Senate passes bill giving Congress right to review Iran nuke deal

The US Capitol building (Reuters / James Lawler Duggan)
By a 98-1 vote, the US Senate passed a bipartisan bill that would give Congress review rights over the White House’s Iran nuclear deal. The bill is expected to pass in the House, and has President Obama’s support.

The White House originally opposed the bill, proposed by Senate Foreign Relations Committee chairman Bob Corker (R-TN), until some of its provisions were revised in a compromise deal with the committee’s ranking democrat, Ben Cardin (D-MD) last month.

The compromise won over enough Democrats that President Obama withdrew his veto threat.
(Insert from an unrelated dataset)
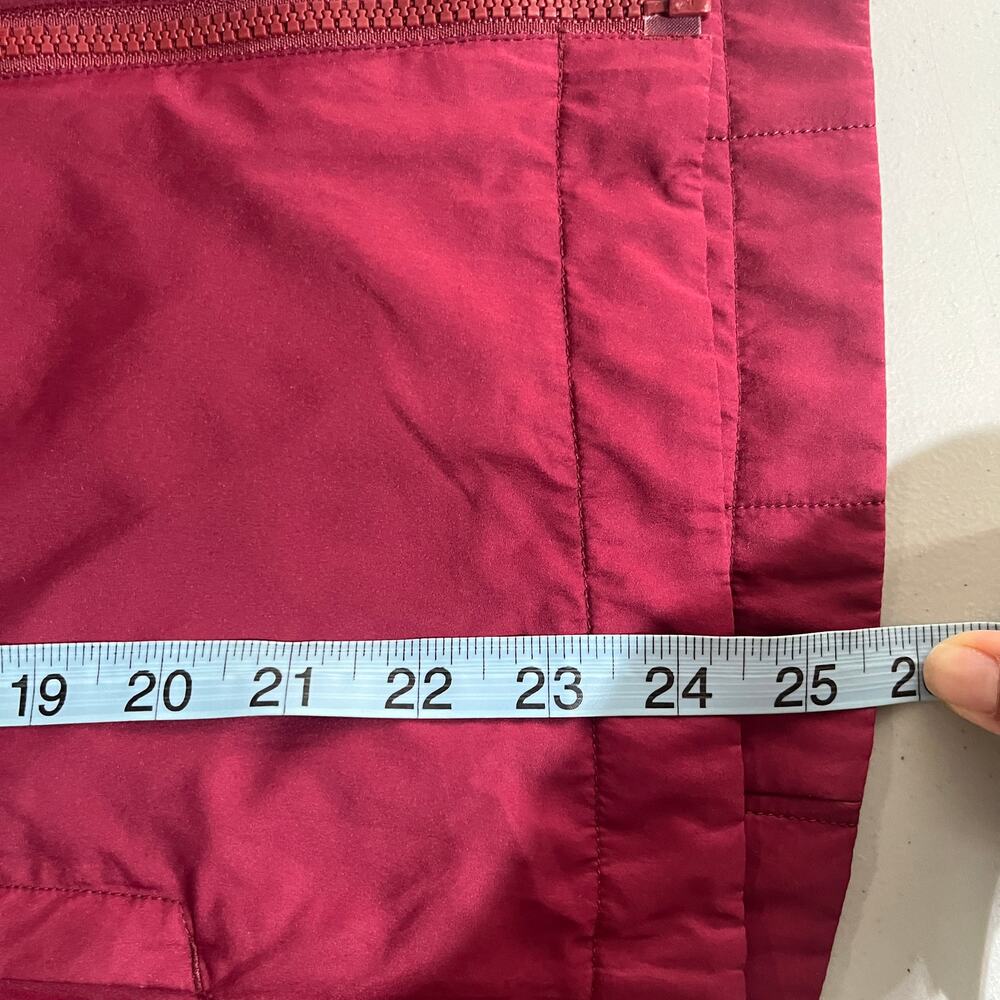 Patagonia Women's Red Snowbelle Reversible Quilted Jacket Liner  Size Small - Picture 10 of 10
The draft bill was approved by the committee unanimously.

However, a faction led by Tom Cotton (R-AR) and Marco Rubio (R-FL) attempted to insert a number of amendments into the bill during the floor debate, including a provision requiring Iran to recognize Israel as a Jewish state.

READ MORE: Senate’s Iran bill won’t require Tehran to recognize Israel – reports

Several other amendments had already been defeated. One would've classified any nuclear deal as an international treaty requiring the support of two-thirds of the Senate, while another would have denied Iran sanctions relief until it stopped supporting terrorism.

Corker defended the compromise, warning that altering the compromise would cause the entire bill to fail, and Congress to lose any right to review the treaty. “Without this bill, there is no review,” he warned.

In the end, Senate Majority Leader Mitch McConnell (R-KY) called for cloture, cutting off debate on all further amendments. The chamber voted 96-3 in favor, clearing the way for the final vote, in which Cotton was the lone voice of dissent.

Many wish the bill was stronger. I don’t disagree with them, but this is a piece of legislation worthy of our support,” McConnell said during the floor debate. “It offers the best chance we have to provide the American people and the Congress they elect with power to weigh in on a vital issue.”

“As currently drafted, it is a virtual certainty that no matter how terrible this deal is, it will go into effect and this legislation is unlikely to stop it,” Ted Cruz (R-TX), one of the Republican presidential contenders, said during the debate.

“I applaud the Senate for passing this bill, and thank Senator Corker and others for their hard work,” said House Speaker John Boehner (R-Ohio) Thursday. “I look forward to House passage of this bill to hold President Obama’s administration accountable.”